Building Corporate Memory Into a Next-Generation Data Warehouse

It is now possible to design and implement a corporate memory within the data warehouse using a number of mature, tested and well-understood products and methodologies that can be deployed relatively quickly and administered with minimal DBA overhead. These solutions can grow with relatively linear scalability in terms of both cost and performance, while providing powerful support for both power analysts and reporting users. The ingredients for a successful data warehouse implementation that makes use of the corporate memory concept involve hardware, software and architectural design components, as listed below:

Arthur Ritchie
  • Hardware:
    • Cheap but powerful SMP hardware
    • Reasonably priced, fast and efficient SAN devices
    • Reasonably priced, fast and effective networks and switches for linking multiple SMP boxes together.
  • Architecture:
    • Nearline data storage (not archiving) to hold the detail data used to build and maintain aggregates and cubes.

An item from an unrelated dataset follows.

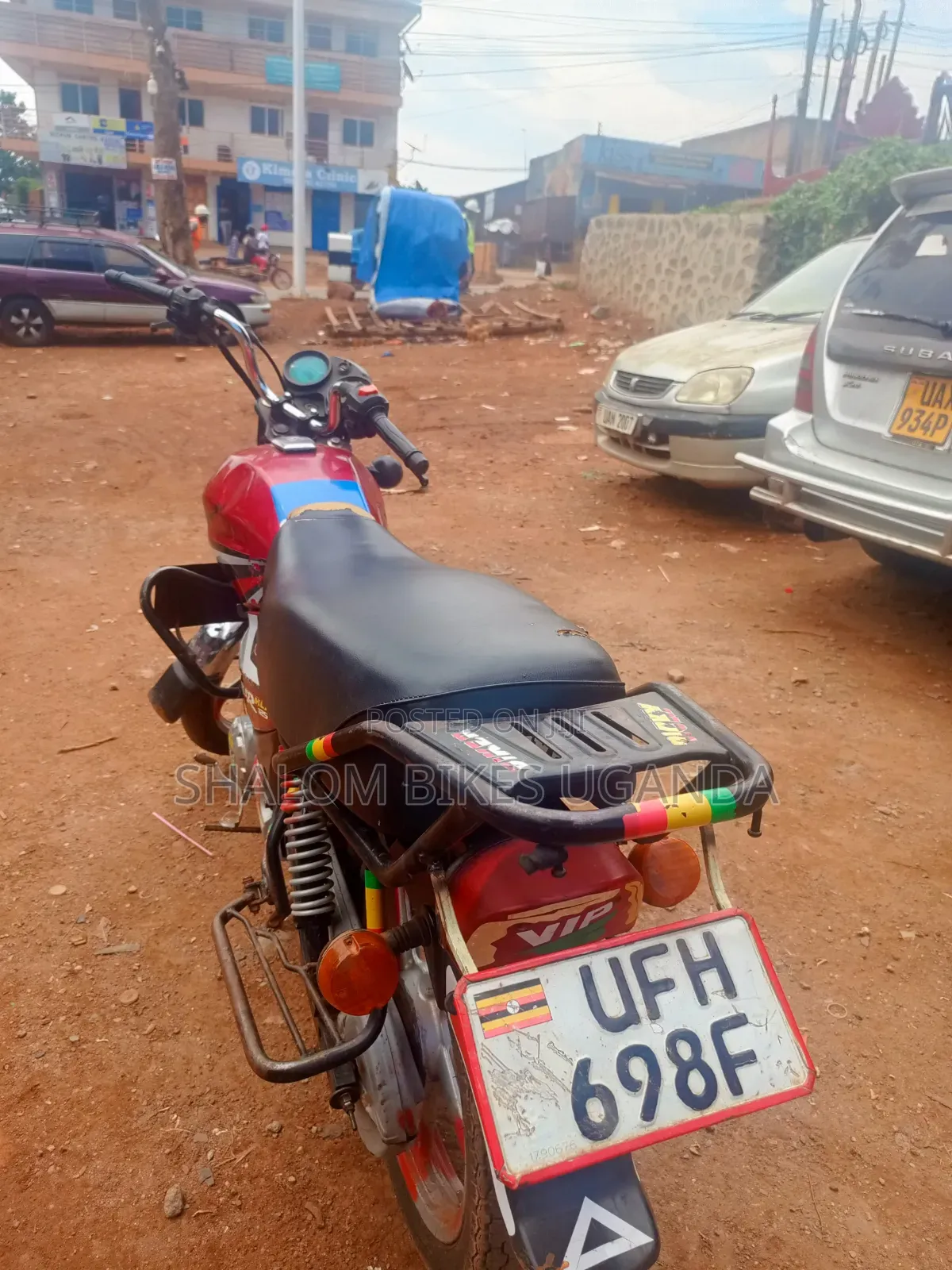 TVS HLX 125 2023 Red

There is a very clear differentiation between the Nearline 2.0 and archiving approaches to data and performance management.
    • Database federation techniques enabling reduction of the amount of data in key RDBMS “hot spots” and minimization of batch window requirements
    • Well-defined uses for aggregation, indexing, and MOLAP cubes to support reporting.
  • Software:
    • Column-based data management technologies for avanced analytics, offering:
      • The ability to change data models “on the fly” to meet emerging requirements
      • Support for very wide tables (tens of thousands of columns), enabling very large numbers of KPIs
      • The ability to add new data types “on the fly”

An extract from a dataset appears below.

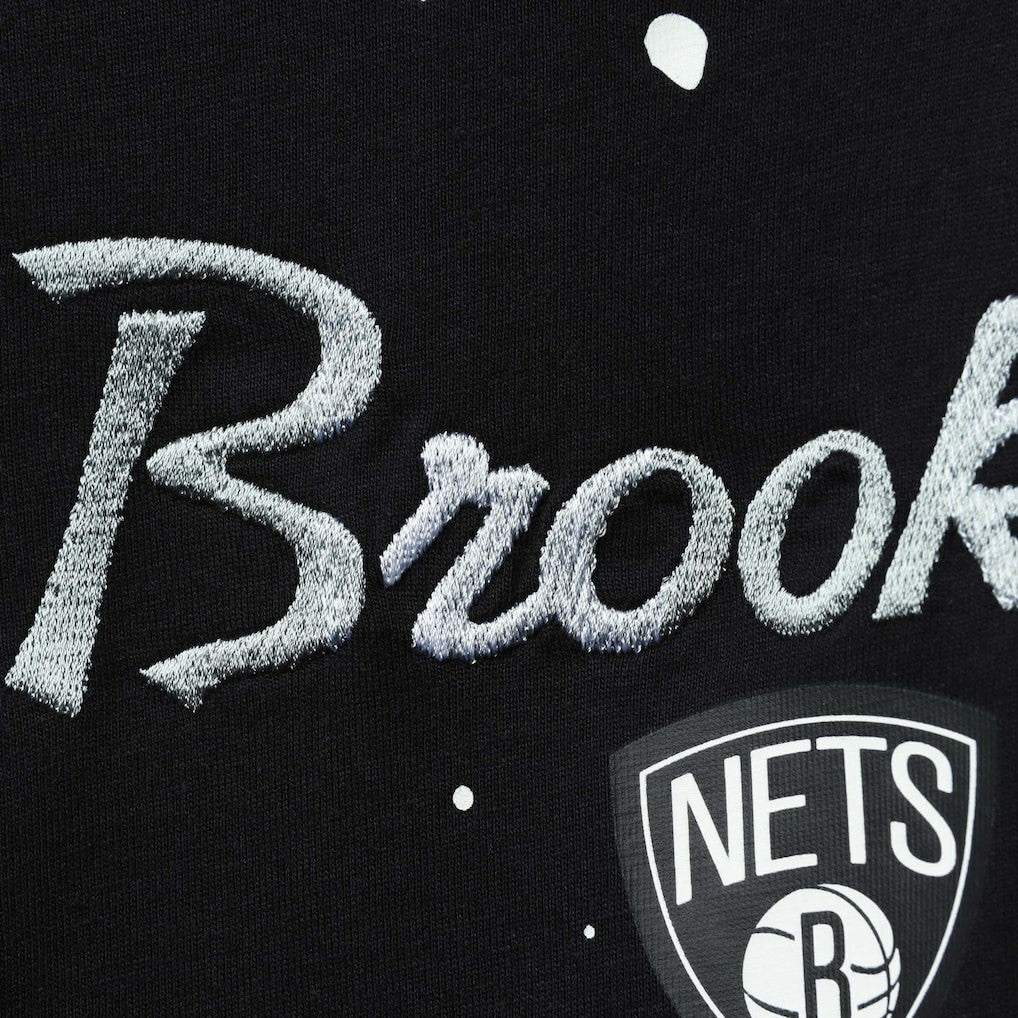 Black Brooklyn Nets Women's Courtside Splatter Cropped T-Shirt | NBA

      • The ability to allow existing applications to continue to work as data models change over time
      • The ability to present all available data in a simple, easily usable format, eliminating the need for analysts to navigate complex data relationships and slowly changing dimension constructs.
    • Better exploitation of new hardware and architectural techniques by traditional RDBMS systems
    • The ability to support massively parallel operations, allowing users to iteratively run very complex queries to find patterns in the data without having their thought process interrupted, without impacting other power users and other reporting users, and without interfering with the ability to meet critical SLAs.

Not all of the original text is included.